About this exercise:
Repeat the listing exactly. Pictures stay out of your copy.

Data:
════════════════════

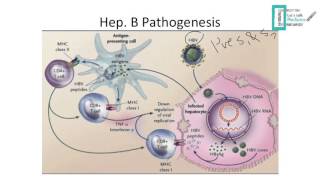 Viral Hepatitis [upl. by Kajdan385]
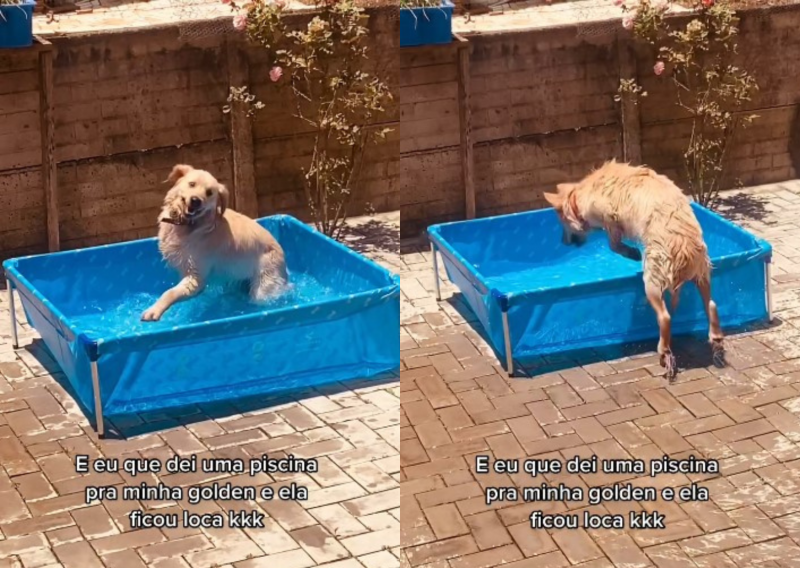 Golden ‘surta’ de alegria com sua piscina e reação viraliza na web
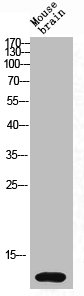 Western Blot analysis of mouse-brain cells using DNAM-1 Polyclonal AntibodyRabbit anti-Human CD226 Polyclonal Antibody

════════════════════

Solution:
 Viral Hepatitis [upl. by Kajdan385]
 Golden ‘surta’ de alegria com sua piscina e reação viraliza na web
 Western Blot analysis of mouse-brain cells using DNAM-1 Polyclonal AntibodyRabbit anti-Human CD226 Polyclonal Antibody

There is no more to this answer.